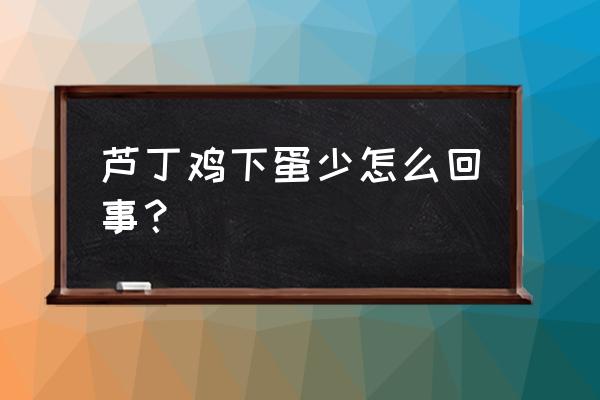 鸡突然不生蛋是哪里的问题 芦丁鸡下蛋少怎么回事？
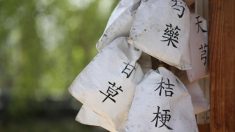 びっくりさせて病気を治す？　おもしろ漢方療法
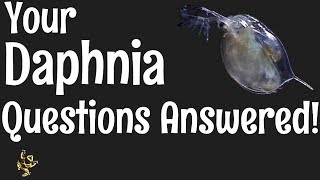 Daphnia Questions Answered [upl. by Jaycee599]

...

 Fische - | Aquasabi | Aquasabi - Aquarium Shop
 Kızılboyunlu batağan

• Task brief:
Taking the entries above, write out exactly each line from the one holding "Fische - | Aquasabi" to the one holding "Kızılboyunlu batağan", both included, and stop there.

• Response to the task:
 Fische - | Aquasabi | Aquasabi - Aquarium Shop
 Kızılboyunlu batağan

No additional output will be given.